Distill → Quantize → Crossover → Fine-tune Pipeline
Canonical reference for the integrated Q-network recombination pipeline implemented in Dooders/AgentFarm#8.
Table of Contents
- Overview
- Pipeline Diagram
- Stage-by-Stage Architecture
- Module Map
- Experimental Results
- Reproduce a Baseline Run
- Related Documentation
Overview
The pipeline compresses and recombines parent Q-networks into child Q-networks using four sequential stages:
| Stage | Goal | Key output artifact |
|---|---|---|
| Distill | Train a smaller StudentQNetwork to match each parent’s Q-value distribution |
student_A.pt, student_B.pt |
| Quantize | Reduce memory and latency via 8-bit post-training (PTQ) or quantization-aware training (QAT) | student_A_int8.pt, student_B_int8.pt |
| Crossover | Blend two parent/student state dicts into a float32 child | child.pt |
| Fine-tune | Supervised realignment of the child against a frozen reference (parent A) | child_finetuned.pt (+ optional int8 via QAT) |
Each stage produces checkpoint files (.pt) and companion JSON metadata (.pt.json) which are the inputs to the next stage. The optional validation scripts generate JSON reports that can be compared against threshold pass/fail criteria.
Pipeline Diagram
flowchart TD
PA[Parent A\nBaseQNetwork] --> D1[DistillationTrainer\nstudent_A.pt]
PB[Parent B\nBaseQNetwork] --> D2[DistillationTrainer\nstudent_B.pt]
D1 --> Q1[PostTrainingQuantizer / QATTrainer\nstudent_A_int8.pt]
D2 --> Q2[PostTrainingQuantizer / QATTrainer\nstudent_B_int8.pt]
Q1 --> X[crossover_quantized_state_dict\nchild.pt float32]
Q2 --> X
PA --> FT[FineTuner reference\nfrozen]
X --> FT
FT --> CF[child_finetuned.pt\noptional: child_finetuned_int8.pt]
D1 --> VD1[validate_distillation.py\nstudent_A_validation.json]
D2 --> VD2[validate_distillation.py\nstudent_B_validation.json]
Q1 --> VQ1[validate_quantized.py\nstudent_A_quant_report.json]
Q2 --> VQ2[validate_quantized.py\nstudent_B_quant_report.json]
CF --> VR[validate_recombination.py\nrecombination_validation.json]
States buffer: all stages consume a shared
(N, input_dim)float32 NumPy array (.npy) as the calibration / training / evaluation dataset.

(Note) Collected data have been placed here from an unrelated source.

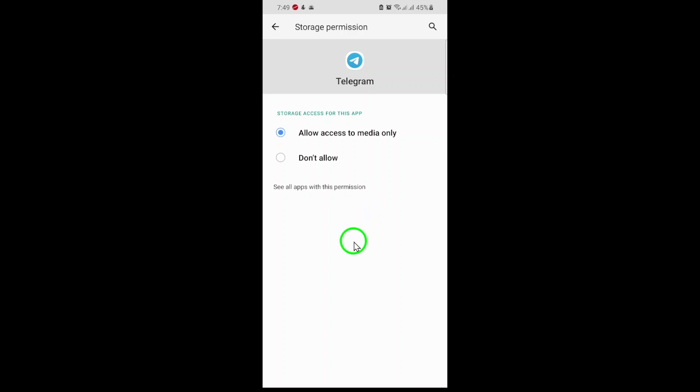Once you've made your selection, you can exit the settings. Open Telegram and try sending a photo or video to test if everything's working smoothly. If you followed these steps, Telegram should now have the necessary permissions to access your media files.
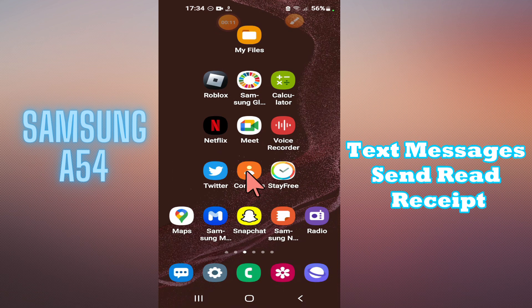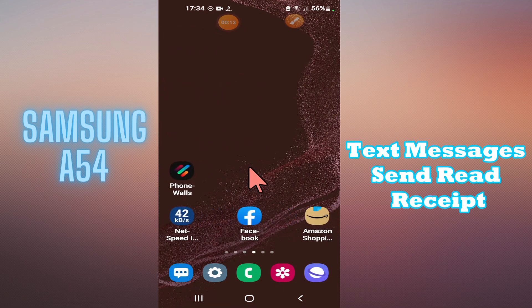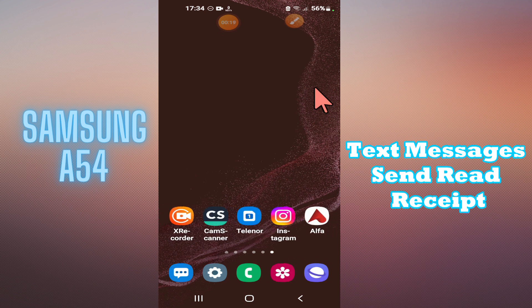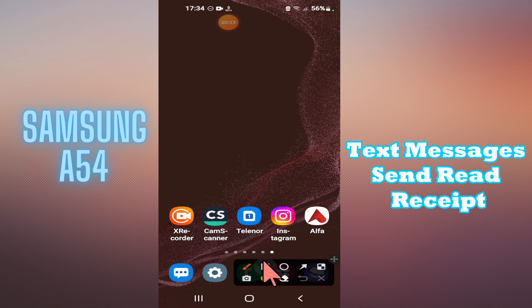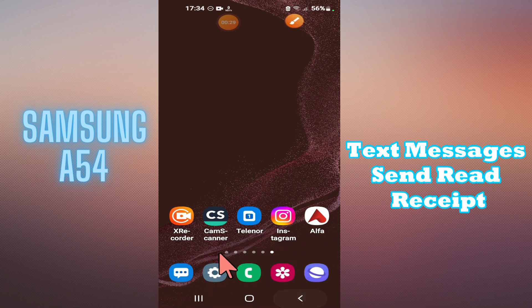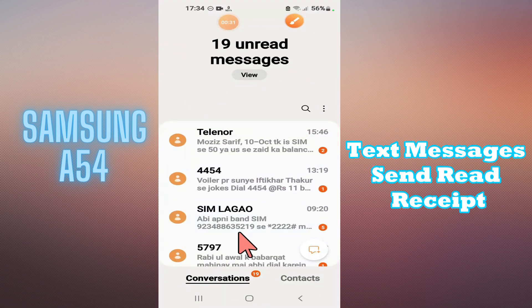Welcome back to another video. In this video, I will show you how to enable or disable the text message send or read received on your Samsung Galaxy A54. I will show you how you can do it — just watch the complete video and follow all the steps. If you're new to my channel, don't forget to subscribe.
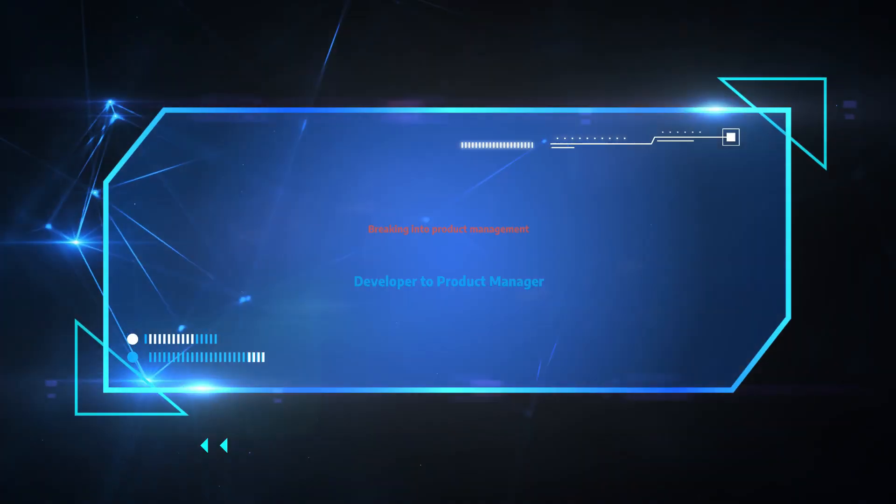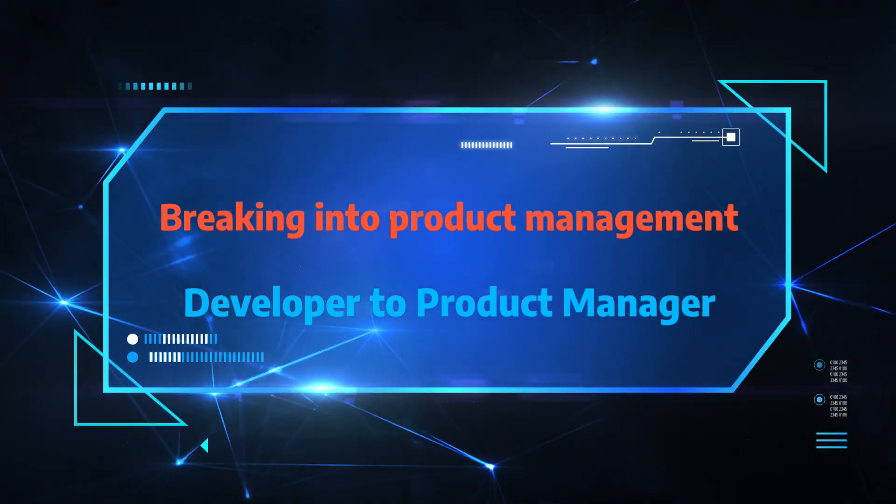So you're a developer and you want to become a product manager — I'm here to help. Hi, I'm Dr. Bart, and today I'll be helping you, a developer or engineer, to transition to product management. This is a video from a series called Breaking into Product Management. In this video I'll talk about the differences between a developer and a product manager, and how to successfully transition from one to another.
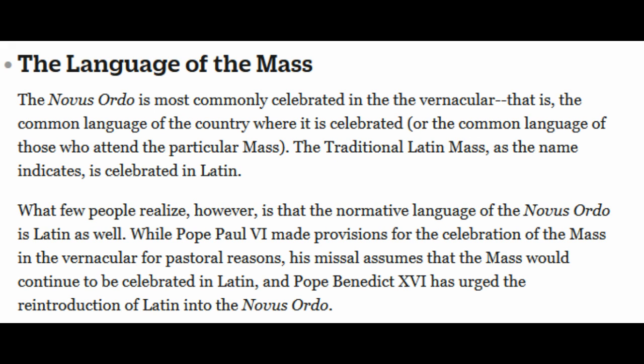Language of the Mass: the New Order is most commonly celebrated in the vernacular — that is, the common language of the country where it is celebrated, or the common language of those who attend. The traditional Latin Mass, as the name indicates, is celebrated in Latin. What few people realize, however, is that the normative language of the New Order is Latin as well. While Pope Paul VI made provisions for the celebration of the Mass in the vernacular for pastoral reasons, his missal assumes the Mass would continue to be celebrated in Latin, and Pope Benedict XVI has urged the reintroduction of Latin into the New Order.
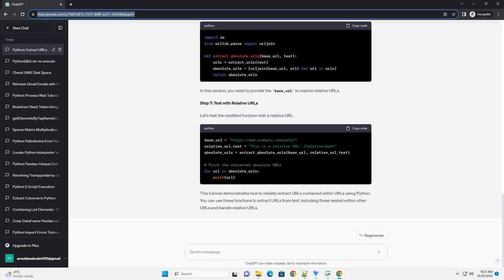Step 4: Handling URLs Within URLs. If you want to extract URLs that are contained within other URLs, you can use a modified version of the extract_urls function. This version will first extract the outer URLs and then, for each outer URL, extract the inner URLs. You can use a loop for this purpose.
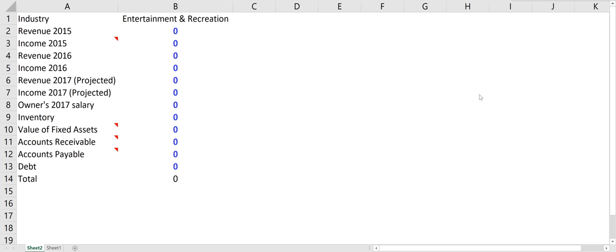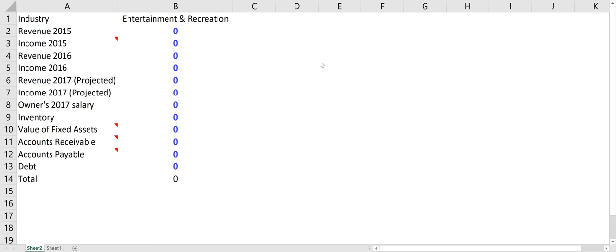So I came up with a simplified model to value a business. I've been working with some friends and customers, helping them with their business.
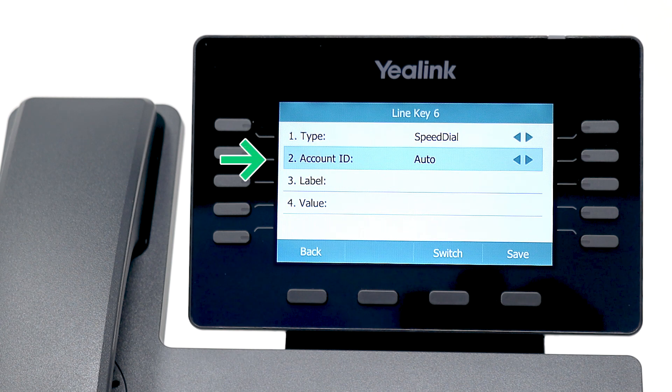The account ID determines which line key you are changing. For example, you could change a line key other than the one you held down a moment ago. If you select auto, that will update the line key you held down.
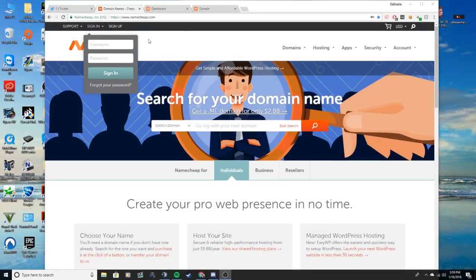What's going on YouTube? DSNyx coming out with another video today. Today's video I'm going to teach you guys how to set up a domain and a catch-all.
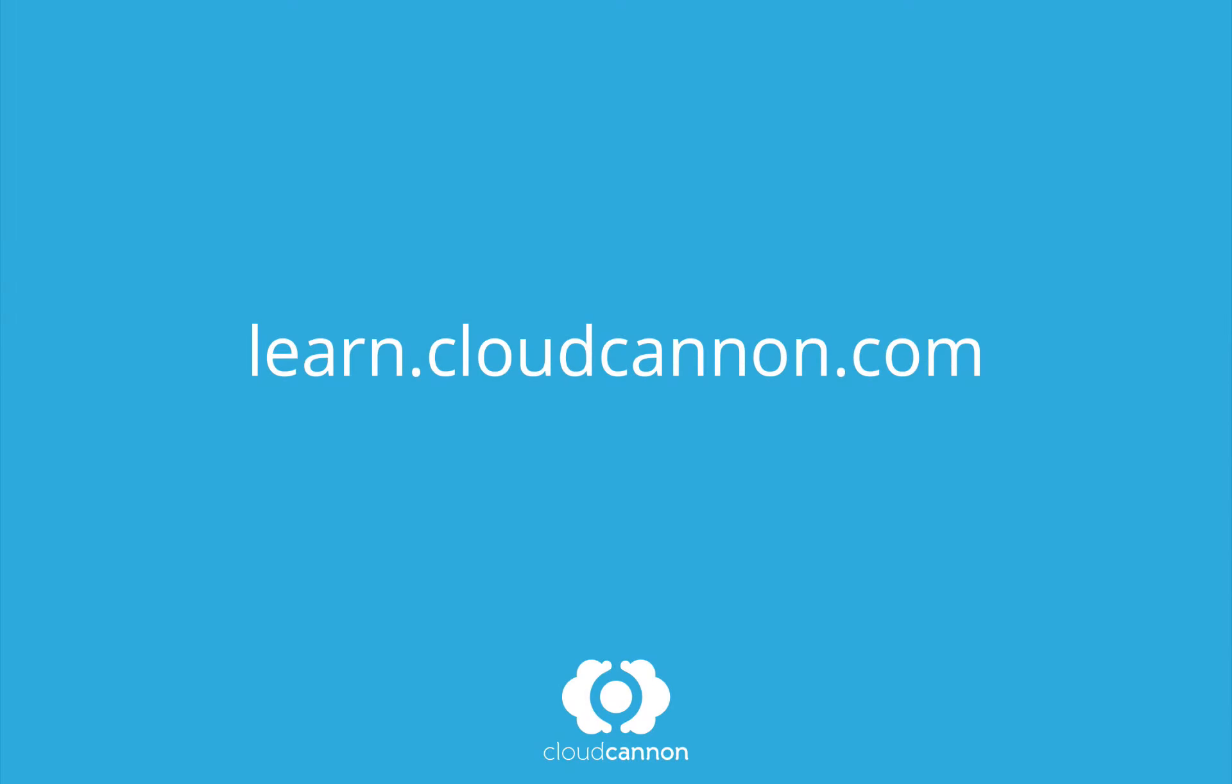This tutorial was brought to you by CloudCanon, the cloud content management system for Jekyll. For more free tutorials like this one, check out learn.cloudcanon.com.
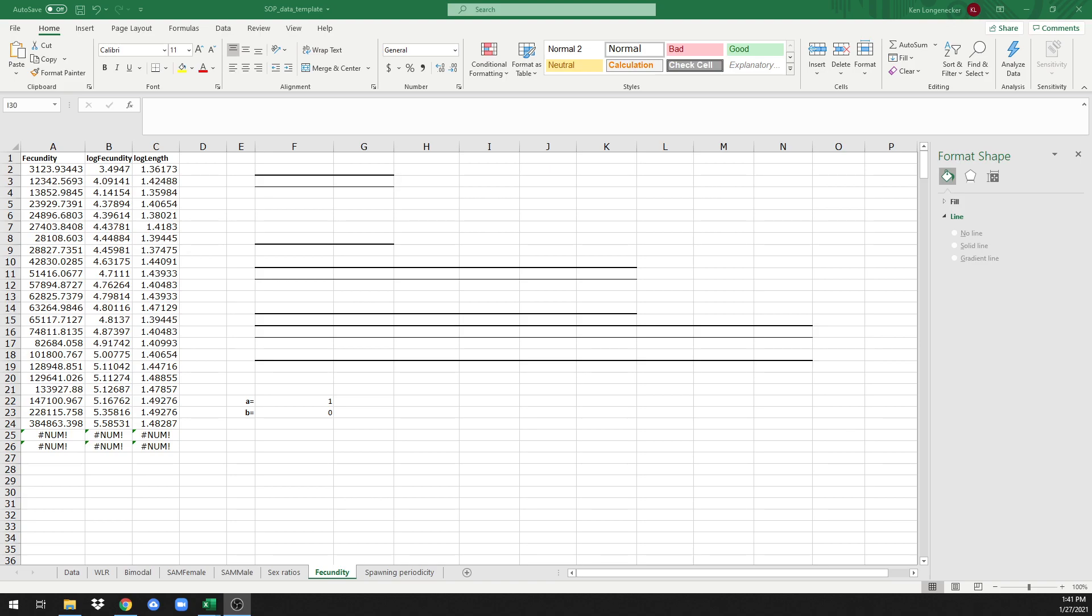Welcome back to the series of short tutorials explaining how to do reproductive analysis in Excel following the standard operating procedure linked in the description below. This tutorial is on estimating the length-fecundity relationship.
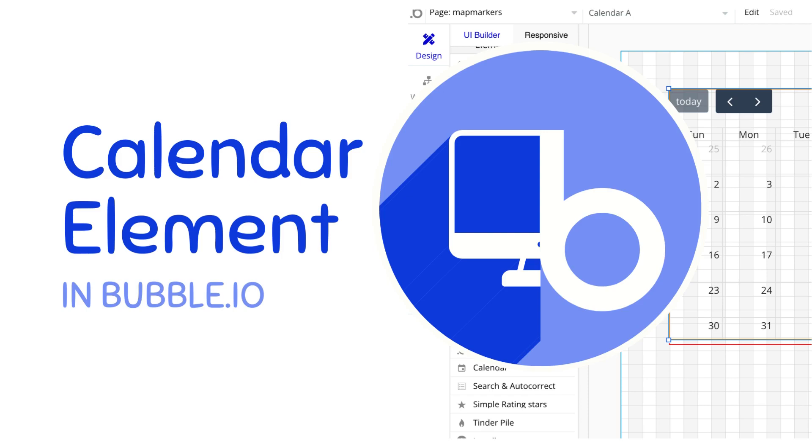Hello, my name is Anya and today we are going to create a calendar which allows for rescheduling of events through dragging and clicking on an event to learn more about it using the Bubble full calendar plugin.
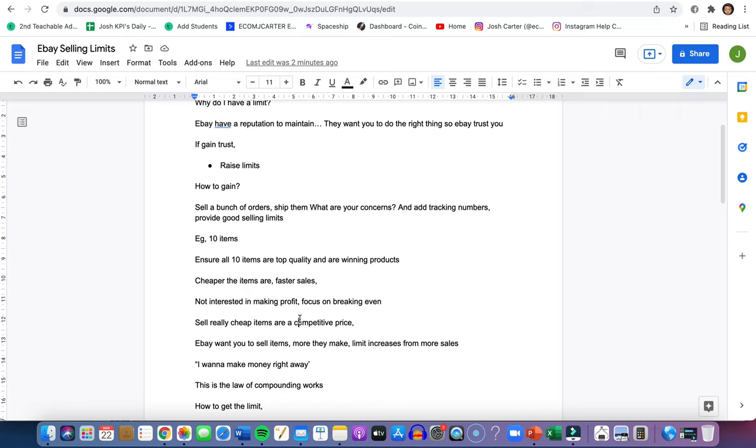Focus on breaking even so you can get your selling history up. eBay can trust you more. They'll see this guy's done 20 sales, he's added all the tracking numbers, customers are leaving reviews, customers are happy. That's going to give you the best chances of getting an increase every single month.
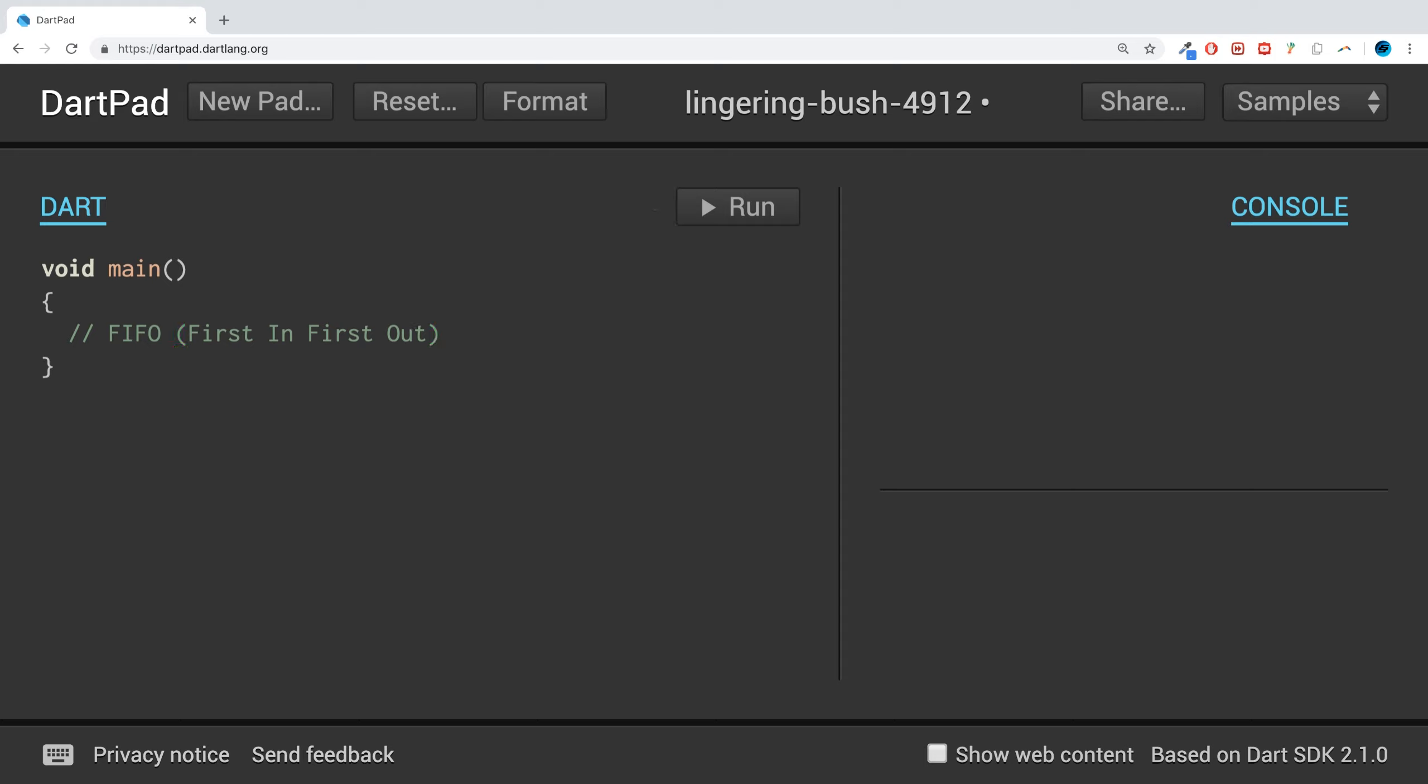The first person in the queue is the first person out, ignoring special circumstances like someone jumping the queue. Generally speaking, the first thing in the queue is the first person out. You can also think of it as LIFO: Last In Last Out.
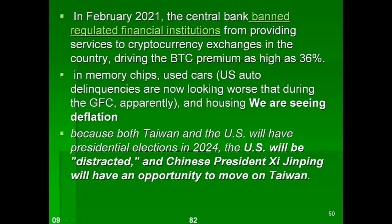On the consumer side, US auto loan delinquencies are now looking worse than during the Great Financial Crisis of 2008, and we have seen similar stress in the housing market. Additionally, one US general has warned that we may have to face a US versus China war in 2024, because that is when both the US and Taiwan are holding elections — leaving them distracted — and China may see an opportunity to move on Taiwan.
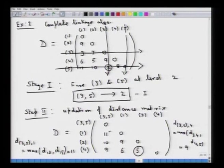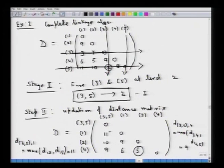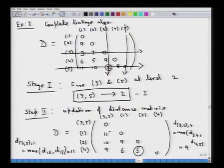In the last lecture, we were looking at the complete linkage algorithm implementation for a dataset with a given distance matrix. Previously, we had also looked at the single linkage clustering algorithm, constructed the dendrogram clustering tree, and discussed its interpretations. We had started the complete linkage algorithm implementation using the same distance matrix, coming up to step 2, where cases 3 and 5 were merged at a fusion level of 2, and the distance matrix was updated.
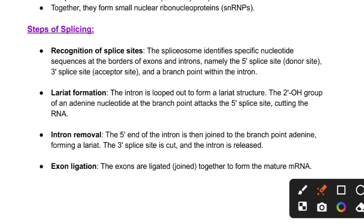I hope you now have a clear concept of exons and introns, splicing, and the mechanism of splicing. In the next video we will discuss exon shuffling, RNA editing, and alternative splicing. If you have any doubts, please leave them in the comment box. Notes are available in the description box for download. Thank you for watching.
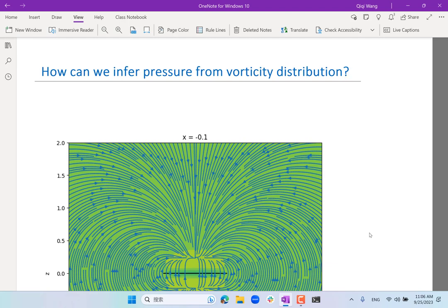Last week we looked at the incompressible potential flow around an airplane, starting from the far field and zooming in closer. During that process we learned several important tools. The first important tool is how to infer the pressure field if we know where the vortices are — it's actually a two-step process. If you know where the vortices are and how strong they are, you can calculate the velocity distribution.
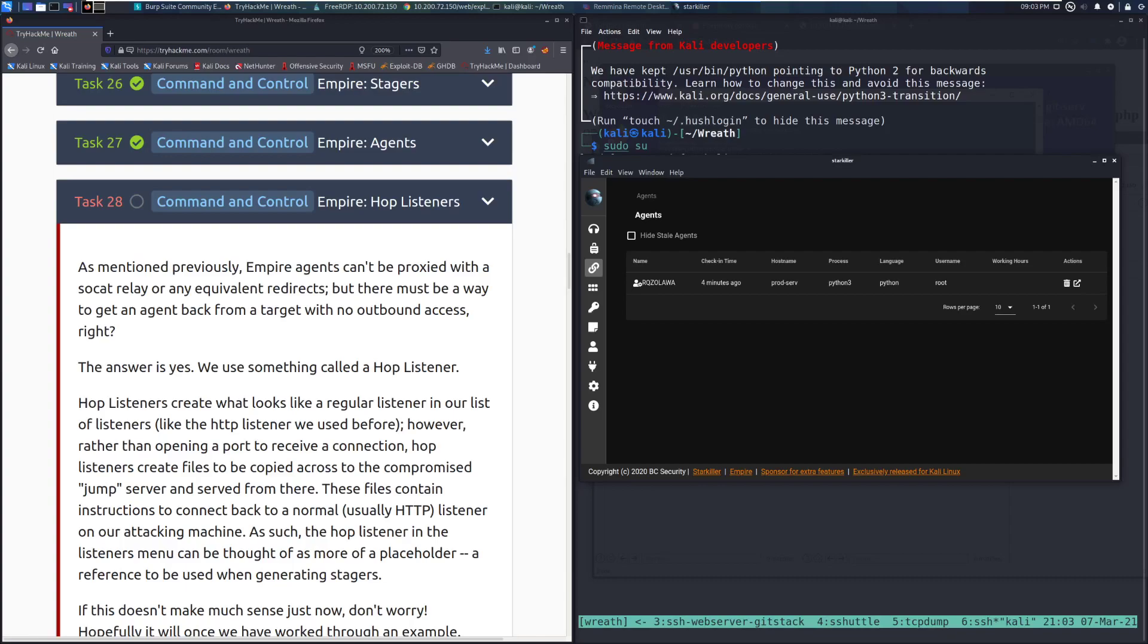Hey everyone, welcome back to another video over the Wreath Network on TryHackMe. Today we're going to be taking a look at Task 28 Command and Control Empire Hop Listeners.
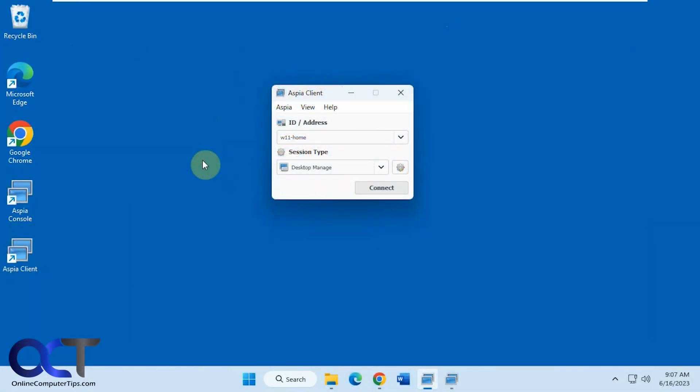Hi, in this video we're going to be talking about the ASPIA Remote Desktop Client, Host, and Console.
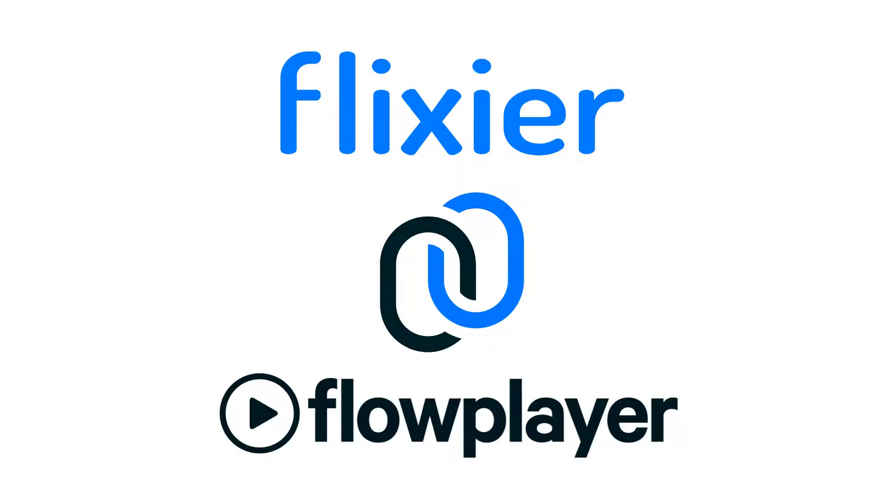Welcome! We've been working closely with the Flowplayer team to develop a new integration for Flixier. Here's how it works.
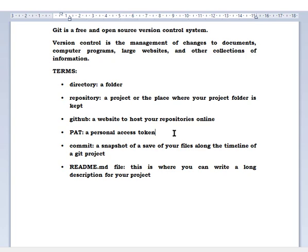Every GitHub repository always has a readme file — a readme.md file. It's just used to write a description about the project, explaining what the project is all about, so other programmers can understand what the project is about.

Stage-by-Stage Architecture
Stage 1 — Distillation
Goal: train a StudentQNetwork to reproduce the Q-value distribution of a frozen BaseQNetwork teacher.
Data flow:
states (N, input_dim) ──► teacher.forward() ──► soft targets (Q-logits, temperature-scaled)
└──► student.forward() ──► predictions
↓
L = α·KL(teacher ‖ student) + (1−α)·CE(argmax_teacher)
alpha=1.0(default): pure soft-label KL distillation.- Temperature scaling broadens the teacher’s distribution; higher temperatures reveal inter-action confidence ordering.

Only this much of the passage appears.